Task directions:
Repeat the data below exactly, dropping any pictures it holds.

Collected material:
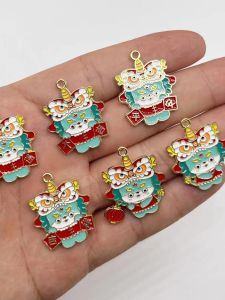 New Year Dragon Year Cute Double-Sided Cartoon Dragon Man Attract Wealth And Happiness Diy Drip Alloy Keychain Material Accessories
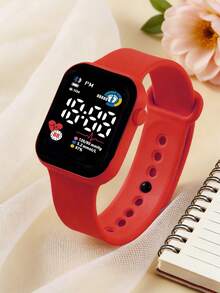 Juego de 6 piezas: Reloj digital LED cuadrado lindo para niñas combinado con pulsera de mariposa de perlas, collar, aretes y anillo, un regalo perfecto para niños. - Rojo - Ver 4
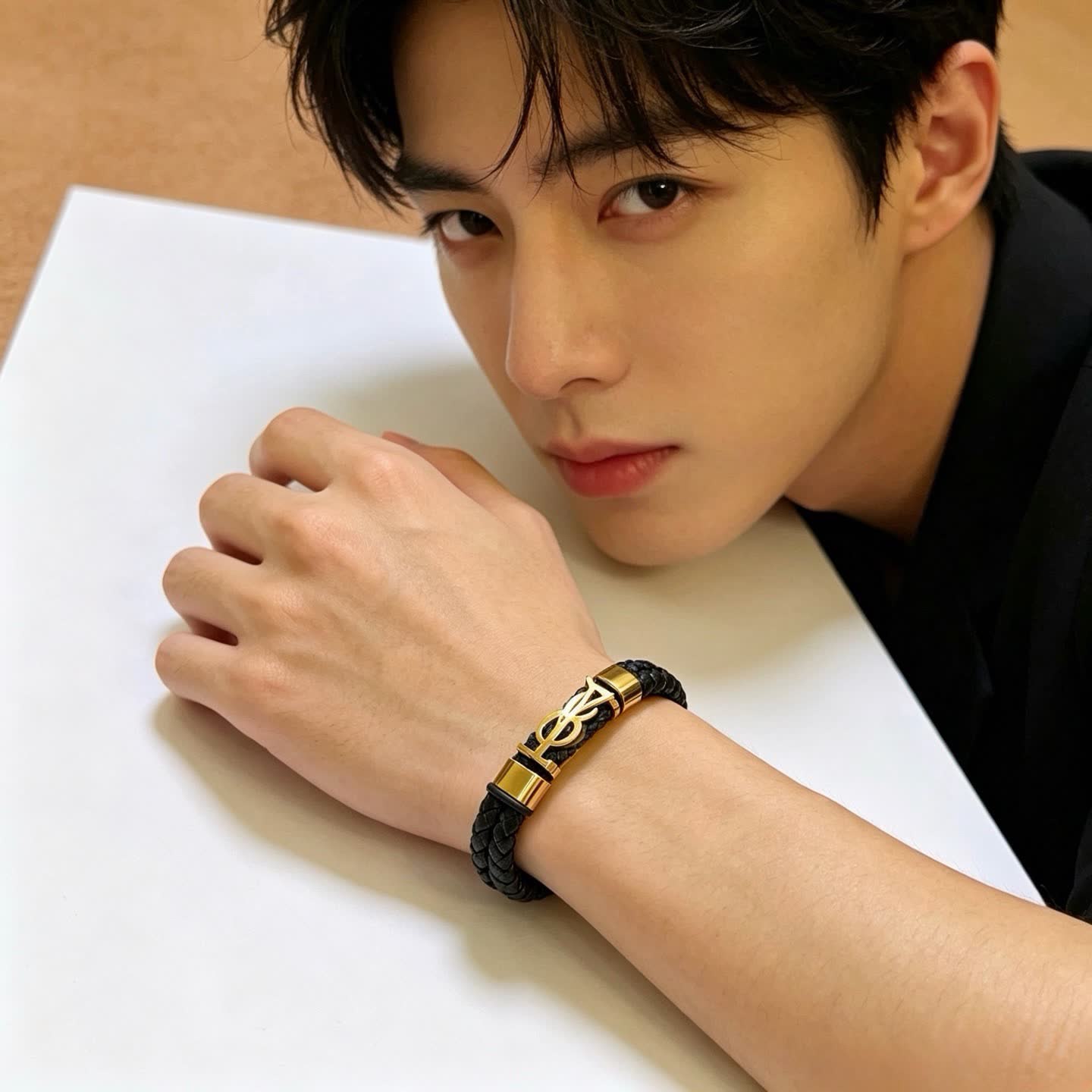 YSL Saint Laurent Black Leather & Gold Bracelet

Task response:
 New Year Dragon Year Cute Double-Sided Cartoon Dragon Man Attract Wealth And Happiness Diy Drip Alloy Keychain Material Accessories
 Juego de 6 piezas: Reloj digital LED cuadrado lindo para niñas combinado con pulsera de mariposa de perlas, collar, aretes y anillo, un regalo perfecto para niños. - Rojo - Ver 4
 YSL Saint Laurent Black Leather & Gold Bracelet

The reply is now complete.